If you have worked through the steps above and your LCP is still failing, or if a deferral fix broke part of your site and you cannot pinpoint which script is the culprit, the diagnostic work can become genuinely time-consuming. At that point the problem usually involves one of: a page-builder asset pipeline that requires custom configuration, a poorly coded plugin that cannot be safely deferred, or a theme architecture that needs refactoring.

That is exactly what Mend's Speed Pass is built for — a senior engineer audits your full asset load, implements safe deferral and inlining, and delivers a plain-English report of every change made, at a flat $199. If you are not sure where the problem sits, start with a free Diagnosis and get a clear answer before any work begins.


Render-blocking resources are one of the most impactful — and most fixable — performance problems in WordPress. Work through the hierarchy: remove what is not needed, defer what can wait, inline what is critical, and test every change in isolation. Most sites see meaningful LCP improvements from the first two steps alone.

Frequently asked questions

Will deferring JavaScript break my WordPress site?

It can, if a deferred script is depended upon by an inline script that runs synchronously. Always test on a staging copy first and enable deferral for one script at a time, checking site functionality after each change.

Is it safe to defer jQuery in WordPress?

Generally no, unless you also defer every script that depends on jQuery and ensure they load in the correct order. jQuery is a dependency for a large portion of WordPress plugins; deferring it carelessly causes silent JavaScript errors that break menus, forms, and sliders.

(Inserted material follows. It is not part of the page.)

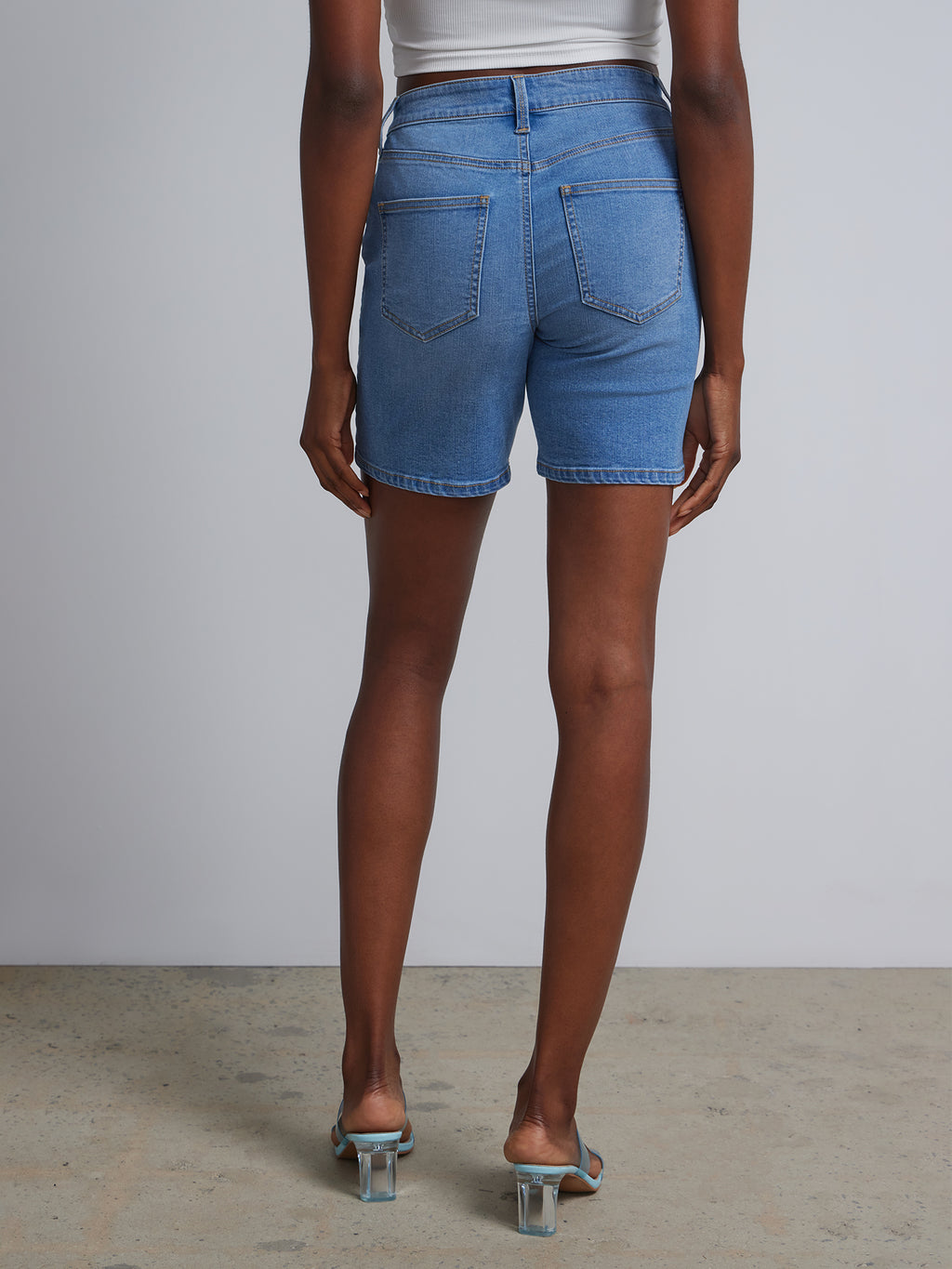 #color_MEDIUM BLUE WASH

What is the difference between eliminating and deferring a render-blocking resource?

Eliminating means the file is no longer loaded at all (removed or conditionally dequeued). Deferring means the file still loads but does so in a way that does not block the browser from painting — using the defer or async attribute, or by moving it to the footer. Elimination is always better when the resource is not needed.

How many render-blocking resources is too many?

Even one large render-blocking file can significantly hurt your LCP score. The goal is zero render-blocking resources above the fold. In practice, a well-optimised WordPress site with a page builder might have two to three unavoidable ones; anything beyond that is worth investigating.